Closed awfm9 closed 2 years ago

awfm9 commented 2 years ago

In Flare, blocks are created by underlying chain validators, with the set of underlying chains being determined by the available FTSO assets. Each leader epoch, the FTSO data providers vote on the share of block generation each registered Flare leader has on his respective chain. This system is built in Solidity, so the information is held in a smart contract.

That being said, the Go portion of the system has to read the leaders from a smart contract and use them when sampling leaders in Avalanche consensus. This is complicated by the fact that the leader selection logic is as far removed from the EVM layer as possible, happening on the level of the Avalanche code base, while the EVM is executed deeply nested within in a binary plugin.

In order to expose the leaders, as found in the smart contract state, to the leader selection logic, we need to take the following steps:

  1. Modify the windower of the sampling logic to take a hash of the parent block, so that we can disambiguate between blocks at the same height. This is not relevant when validators are held in the P-Chain state. In our case, the validators are held in the C-Chain state, so we need to handle ambiguous block heights, where validator sets might differ between one branch and another branch of the blockchain.

  2. Remove the P-Chain height from the windower parameters, and instead use the block ID (which corresponds to the block hash at the EVM level) to retrieve the set of validators. In order to do so, we need to inject an additional component into the windower upon initialization, which wraps around a plugin API, which takes the block hash as a parameter, and returns the weighted list of validators at this block hash.

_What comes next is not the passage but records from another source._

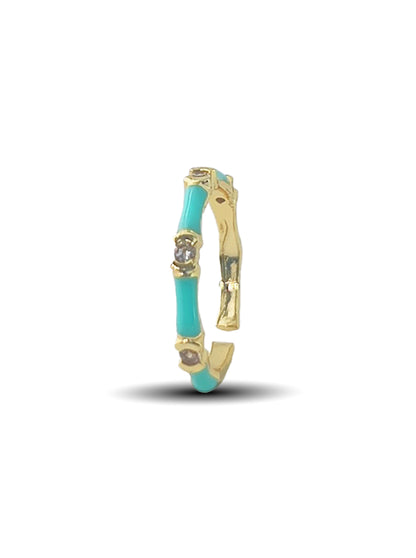 Lazo Ring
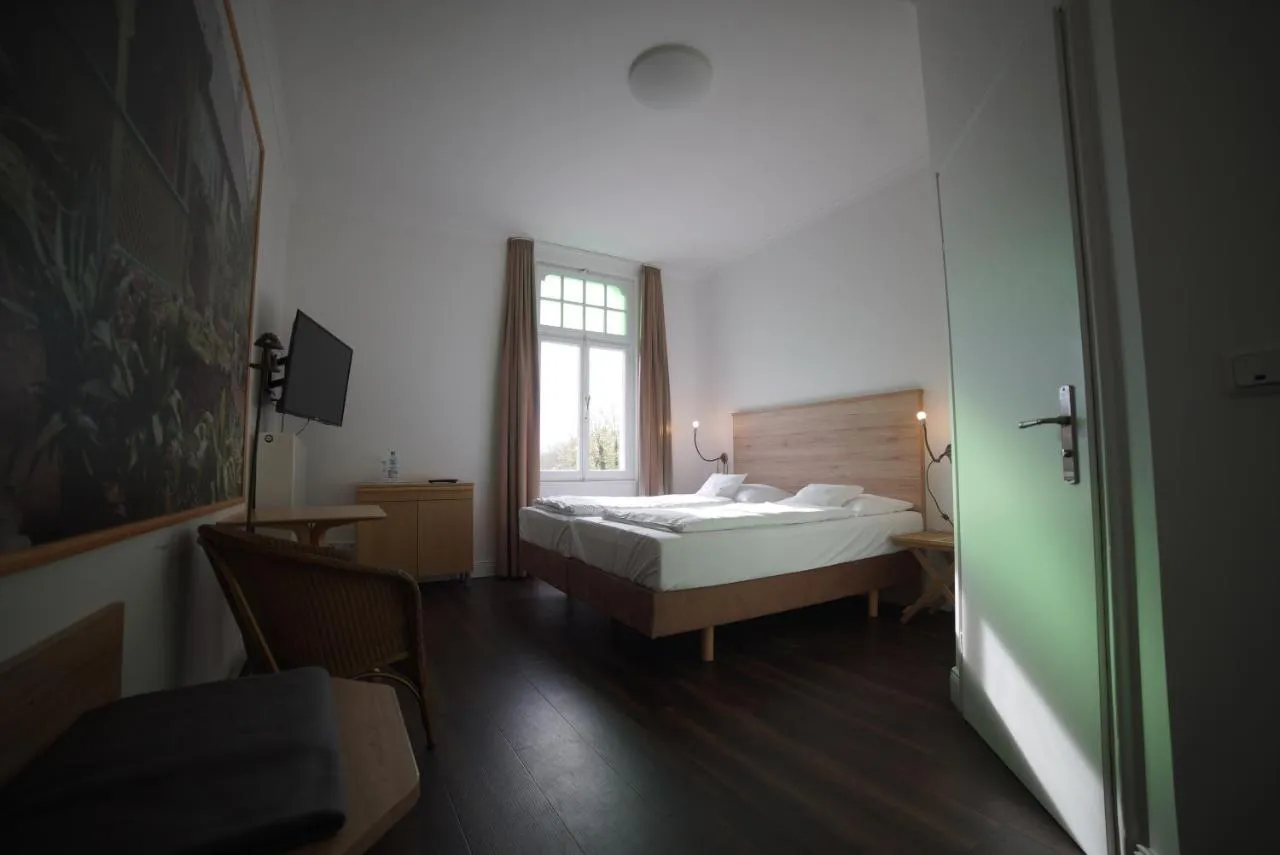 Hotel Artgenossen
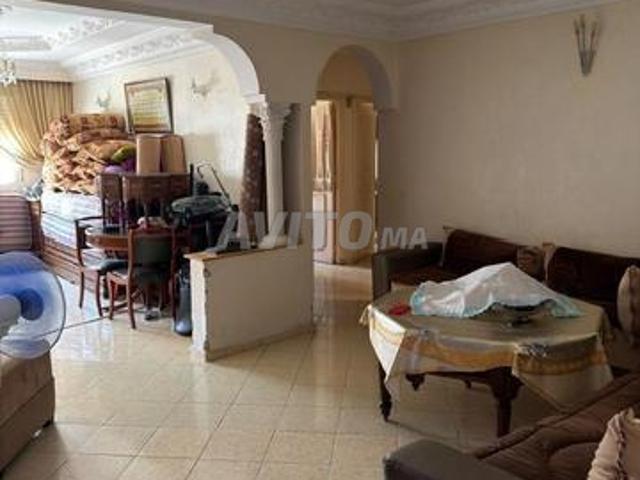 Appartement location à Anfa, Gharb-Chrarda-Beni Hssen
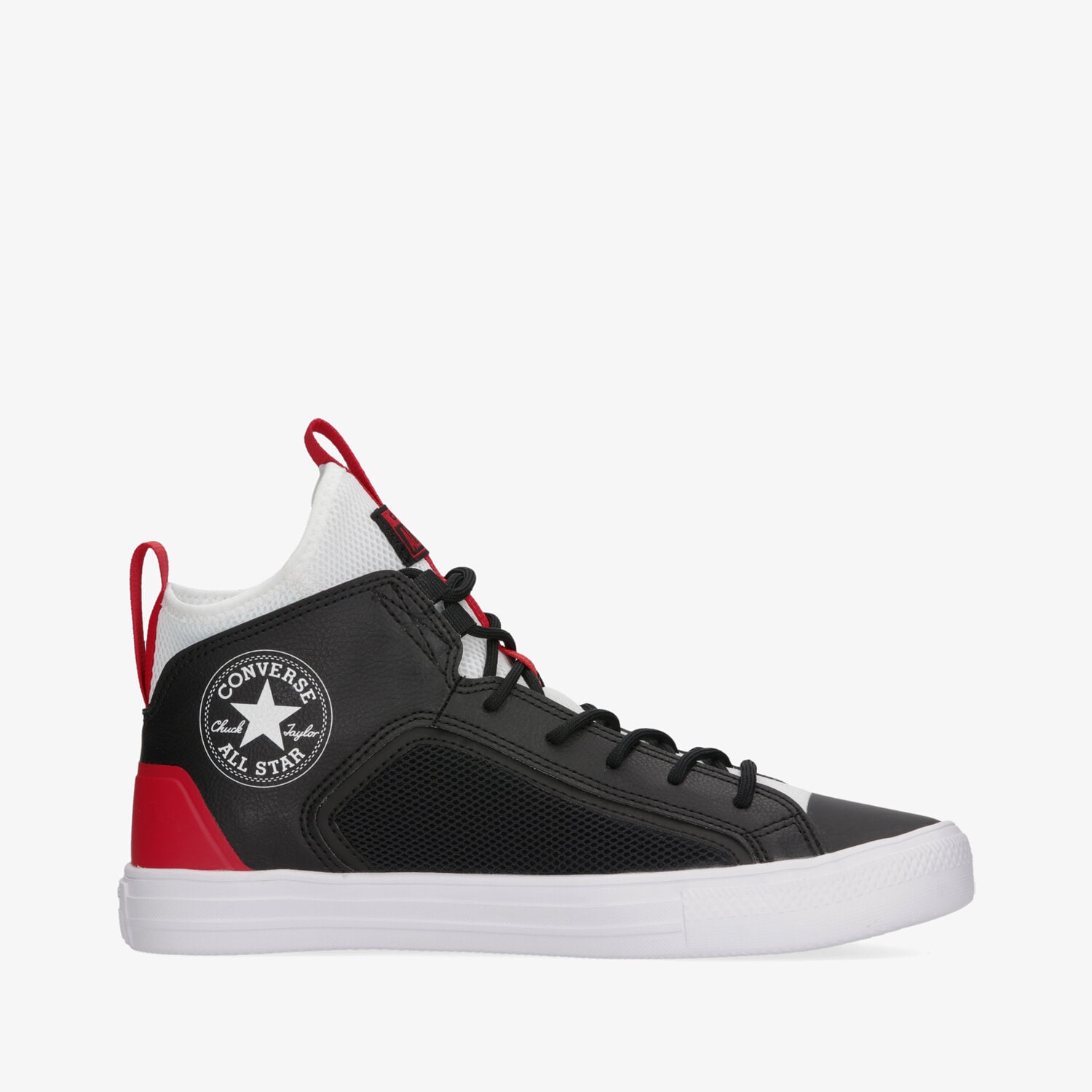 Herren Sneaker CONVERSE CHUCK TAYLOR ALL STAR ULTRA 172799C Schwarz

  3. Create a plugin client and a plugin server using the Hashicorp GRPC plugin system, in its new namespace, which will be injected into this new component. It should exist in parallel to the VM namespace used by the Avalanche code base, so that we don't need to modify any of the existing interfaces.

  4. On the Coreth side, where the GRPC plugin is initialized, we should create a secondary wrapper, which takes the VM pointer as a dependency, and uses it to extract the blockchain. This in turn allows us to create the necessary EVM context to execute our contract call to read the leaders when given a block hash.

emailtovamos commented 2 years ago

Each leader epoch, the FTSO data providers vote on the share of block generation each registered Flare leader has on his respective chain. This system is built in Solidity, so the information is held in a smart contract.

Would it be, in theory, possible to have the above done in Go as opposed to in Solidity/Smart Contract? If yes, what does the above has in terms of advantage?

  1. take a hash of the parent block, so that we can disambiguate between blocks at the same height.

Is there certainty that parent blocks don't have any ambiguity?

  1. we need to inject an additional component into the windower upon initialization,

Which part of the code is it referring to? When we create the windower struct or something else?

awfm9 commented 2 years ago

This is not really on the road map anymore.